Peel cucumber(s). Cut in half lengthwise. If not English/hothouse, use a small spoon to scrape out and discard seeds. Grate the cukes, toss with 1 tbsp. of the Lime salt, put it in a strainer, set it over a bowl, and refrigerate for at least one hour, so a lot of the cukes' water drains out.
Put yogurt in a large bowl. Squeeze as much liquid from the cukes as you can; pat dry lightly in a couple of pieces of paper towel to remove more liquid; add it to a small bowl and wisk in vinegar, lemon juice, olive oil, garlic, dill (or mint), 1/2 tsp. Lime salt, and pepper. Mix together well. Add to yogurt. Mix well. This can be served immediately; however, it is traditionally served after having chilled well and allowing a few hours for the flavors to blend. Serves about 12 (2 tbsp. per serving).
Note: If you don't have Greek yogurt, strain plain yogurt by placing it in a cheesecloth or paper towel-lined strainer, set it over a bowl, and refrigerate it for at least one hour, so the liquid drains out.
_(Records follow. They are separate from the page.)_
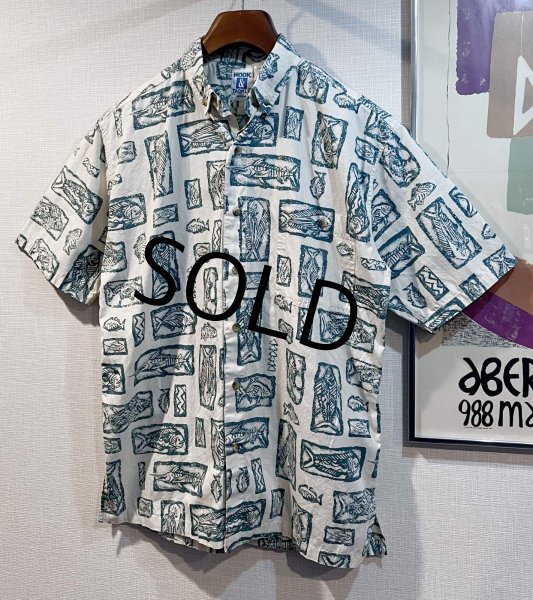 画像1: 【ビンテージ】【HOOK&TACKLE】【生成り×緑】魚柄【BDシャツ】半袖シャツ【サイズM】  (1)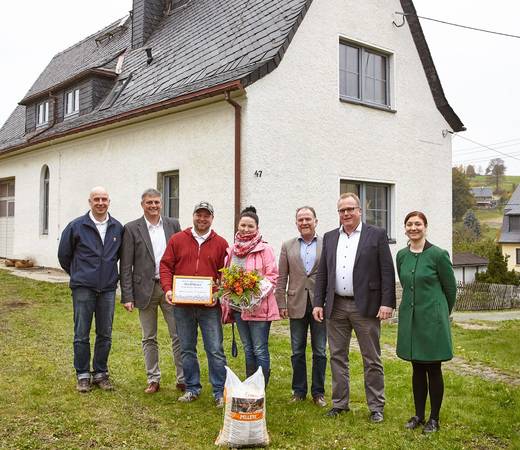 Zur 400.000sten Pelletfeuerung gratulierte der DEPV: V.l.: Kay Ahnert (Gebr. Ahnert & Seidel), Martin Ecker (HDG Bavaria GmbH), Reinhard Hoffmann, Sindy Hoffmann, Martin Bentele (DEPV), Jörg Neuhaus (HDG Bavaria GmbH), Anna Katharina Sievers (DEPV). Zur 400.000sten Pelletfeuerung gratulierte der DEPV: V.l.: Kay Ahnert (Gebr. Ahnert & Seidel), Martin Ecker (HDG Bavaria GmbH), Reinhard Hoffmann, Sindy Hoffmann, Martin Bentele (DEPV), Jörg Neuhaus (HDG Bavaria GmbH), Anna Katharina Sievers (DEPV).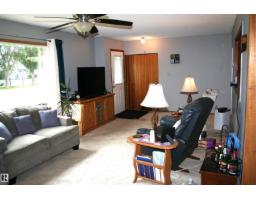 Bedroom 2 - 5219 52 Ave, Viking, AB T0B4N0 Photo 7
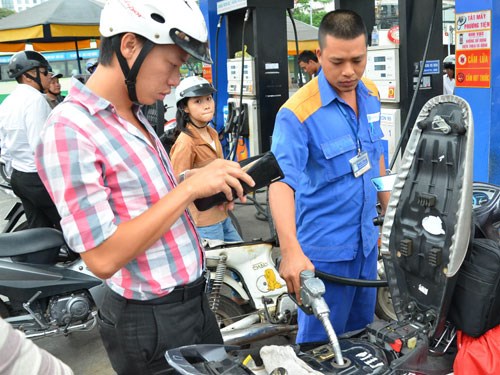 Giá xăng tăng liên tục gây khó khăn cho người dân Giá xăng tăng liên tục gây khó khăn cho người dân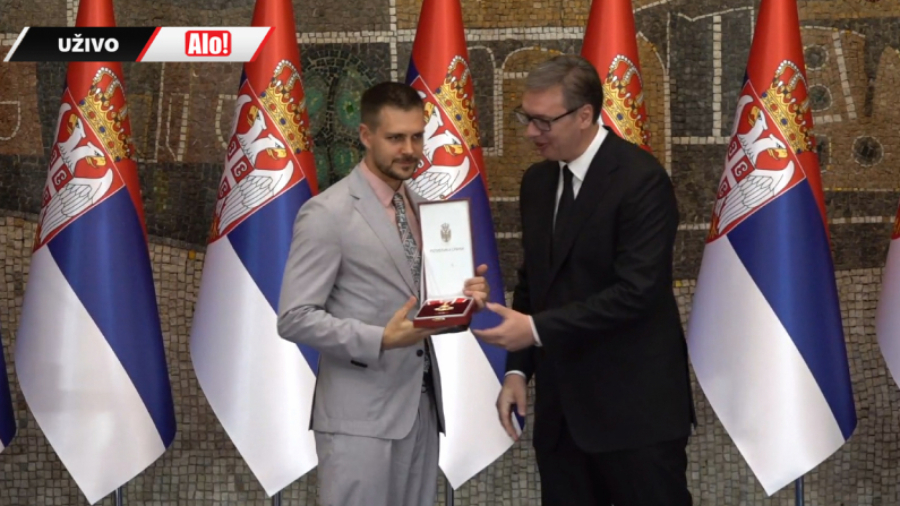 NIKO NIJE NI SLUTIO O ČEMU JE REČ Otkrivena simbolika Bikovićeve kravate, ima veze sa Hramom Svetog Save, a značenje će vas oduševiti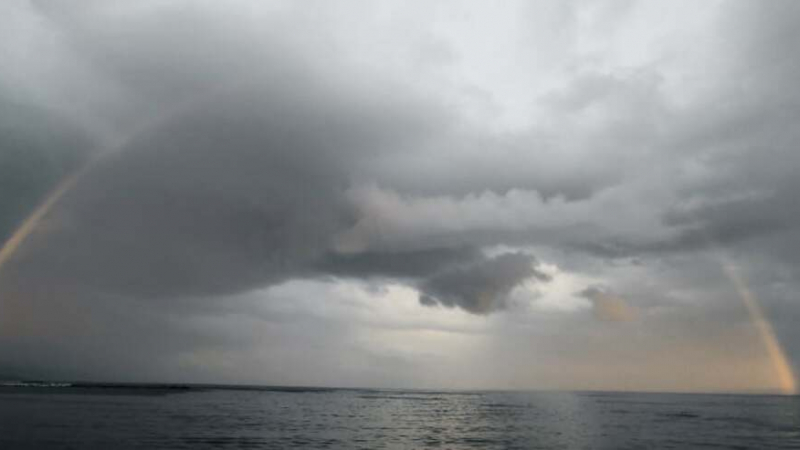 Уникални СНИМКИ с дъга над морето край Варна 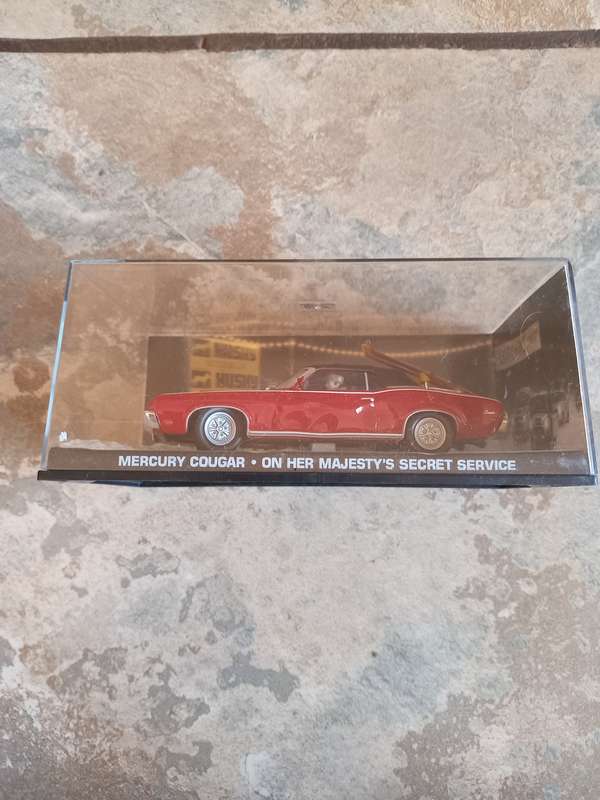 007 Mercury Cougar - On Her Majesty Secret Service - scale 1/43. Sealed. With Book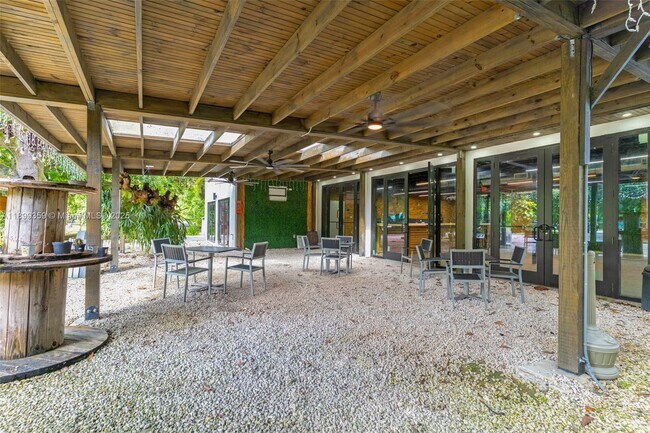 Building Photo - 23175 Naranja Rd
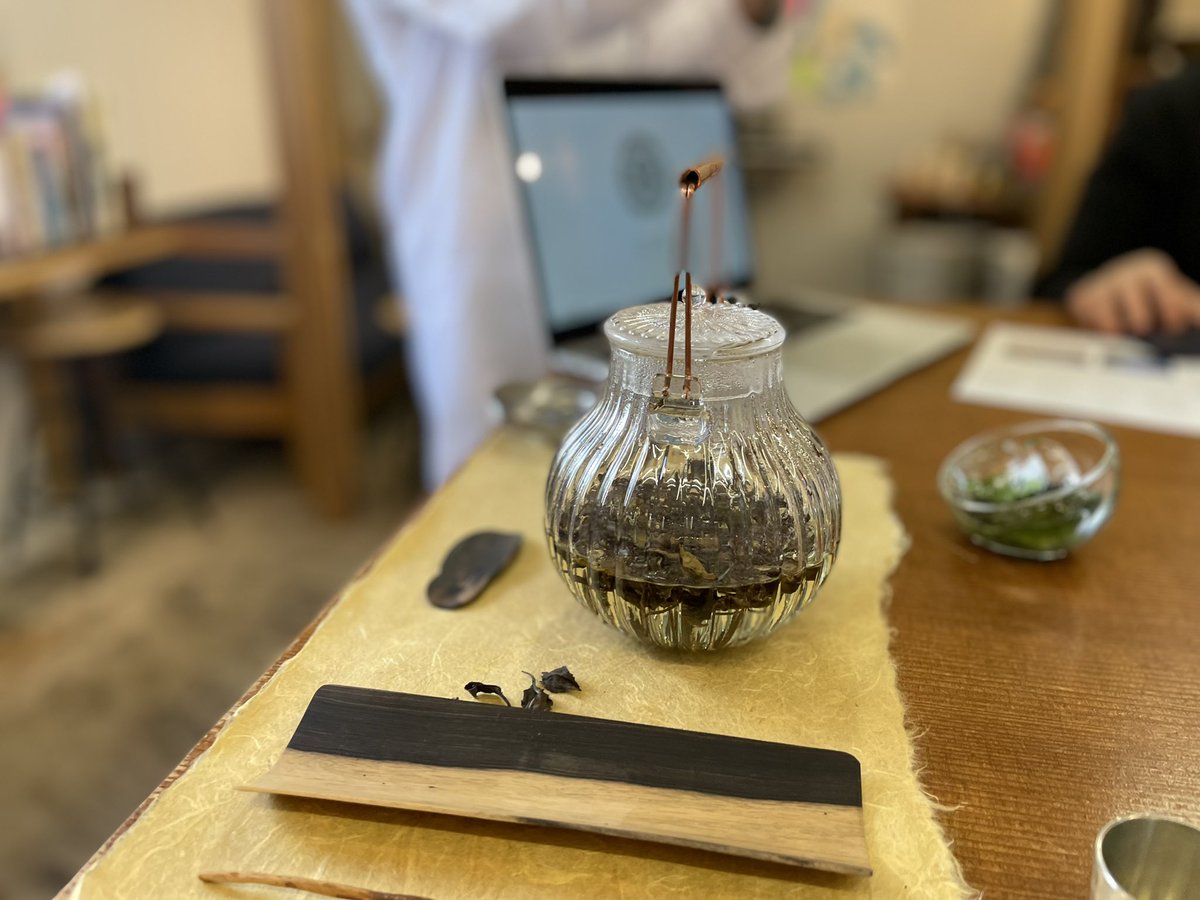 fogcojp's tweet photo. 【鳥越élab】本日が年内最終営業日です。キッチンラボでは今週末限定で夜にタコスバーも行いますので、是非お酒もお楽しみください。本日リビングラボでは、お茶の飲み比べワークショップを開催しています。 https://t.co/Ao6L5G70tW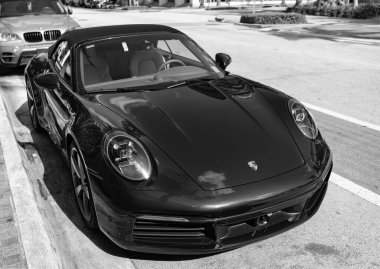 Miami, Florida, ABD - 11 Aralık 2024: Mavi Porsche 911 üstü açık araba. Porsche 911 tipi üstü açık lüks bir araba. Porsche 'nin arabası dışarıda park edilmiş. Porsche, köşe görünümü.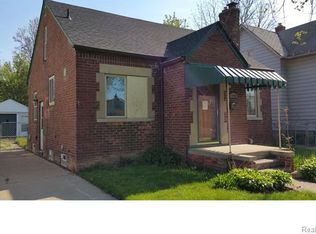 15793 Ash Ave, Eastpointe, MI 48021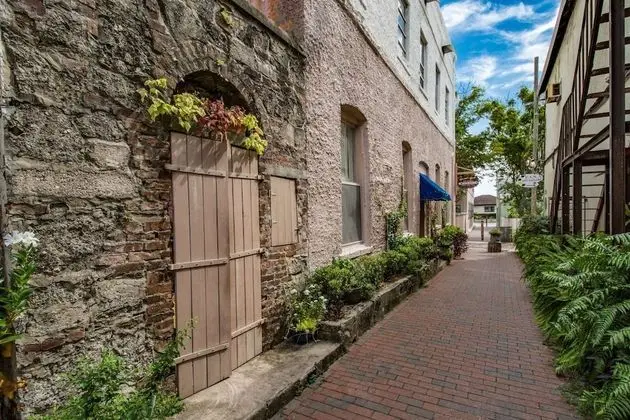 Daire (Way Down in Kokomo)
Our favorite way to serve it is with deconstructed gyros with chicken breast seasoned with our Greek Seasoning, or lamb meatballs seasoned with our Spring Lamb seasoning on a bed of mixed greens with feta cheese, olives and red onion slices! Be creative with it! Use it on a hot baked potato, as a dip for fresh veggies, as a salad dressing, or as a sauce to add protein and great flavor to any complex carb. Enjoy!